Blencathra, with Hall's Fell Ridge, on the Bob Graham Round
Sir Ranulph, whose list of exploits included visiting both the North and South Pole by land, running seven marathons in seven days on different continents and sawing off the frostbitten finger ends of one hand in his garden shed, will attempt the circuit this summer.
He said he had the idea as an alternative to taking part in the Lowe Alpine Mountain Marathon. Sir Ran, cousin of film actor Ralph Fiennes, will start the run at 1am on 28 July from its official setting-off point, the Moot Hall in the centre of Keswick. The route includes Scafell Pike, Helvellyn and Skiddaw and is reckoned to be one of the best tests of fellrunning stamina in the country.

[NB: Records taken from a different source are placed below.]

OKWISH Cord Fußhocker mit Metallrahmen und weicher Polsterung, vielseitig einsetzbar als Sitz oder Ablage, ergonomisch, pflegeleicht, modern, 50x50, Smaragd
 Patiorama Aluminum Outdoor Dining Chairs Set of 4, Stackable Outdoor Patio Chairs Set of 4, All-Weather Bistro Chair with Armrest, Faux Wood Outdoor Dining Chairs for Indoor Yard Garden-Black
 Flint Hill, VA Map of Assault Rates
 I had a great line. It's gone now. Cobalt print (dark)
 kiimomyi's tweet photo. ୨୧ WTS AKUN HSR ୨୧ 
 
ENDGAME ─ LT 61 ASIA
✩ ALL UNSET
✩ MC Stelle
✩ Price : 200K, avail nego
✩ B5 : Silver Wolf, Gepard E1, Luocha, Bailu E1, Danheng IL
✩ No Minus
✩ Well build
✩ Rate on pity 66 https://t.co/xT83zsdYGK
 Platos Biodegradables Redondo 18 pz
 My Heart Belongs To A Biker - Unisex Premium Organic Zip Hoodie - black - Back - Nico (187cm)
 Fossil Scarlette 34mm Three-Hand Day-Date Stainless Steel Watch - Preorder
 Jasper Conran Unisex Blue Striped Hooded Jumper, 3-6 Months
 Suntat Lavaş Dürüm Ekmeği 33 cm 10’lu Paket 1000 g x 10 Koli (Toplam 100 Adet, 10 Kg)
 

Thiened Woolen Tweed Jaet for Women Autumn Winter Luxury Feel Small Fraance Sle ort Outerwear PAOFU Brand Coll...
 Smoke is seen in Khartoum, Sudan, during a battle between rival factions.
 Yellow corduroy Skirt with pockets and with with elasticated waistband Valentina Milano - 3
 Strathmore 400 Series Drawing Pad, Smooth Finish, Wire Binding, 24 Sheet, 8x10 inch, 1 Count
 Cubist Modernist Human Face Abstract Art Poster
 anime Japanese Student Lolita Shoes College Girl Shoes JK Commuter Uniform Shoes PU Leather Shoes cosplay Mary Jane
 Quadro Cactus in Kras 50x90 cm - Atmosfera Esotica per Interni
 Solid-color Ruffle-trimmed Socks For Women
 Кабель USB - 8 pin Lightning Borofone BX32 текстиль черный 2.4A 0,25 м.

He will attempt the round in a clockwise direction, ascending Skiddaw first, with his team of pacers and support runners, which are permitted in the Bob Graham Round. He will need to maintain a speed of about 4.5km/hour to complete the distance in 24 hours.
The Bob Graham has amassed a plethora of myths and differing ‘facts’ since it was first achieved by the man it was named after, in June 1932. Wildly differing distances are quoted for the route, which is not a race, except against the clock, and which can be undertaken at any time by participants. Modern mapping analysis has given a distance of about 63 miles, somewhat less than the traditional 72 quoted for many years.
It is said that Mr Graham, who ran a Keswick guest house, did the original round in tennis shoes, shorts and a pyjama top! He made his first attempt the previous year, aiming for 41 peaks – one for each year of his age. Having failed, he added Great Calva, in the Back o’Skiddaw, the following year, making the 42 which most runners (or consistently fast walkers) now tackle.
Around 1,200 have achieved the feat, including record holder Billy Bland, who completed the round in a scorching 13h 54mins. Others have extended the route to include extra peaks. Mark Hartell holds the current record for the highest number of peaks in 24 hours with his 77, set in 1997.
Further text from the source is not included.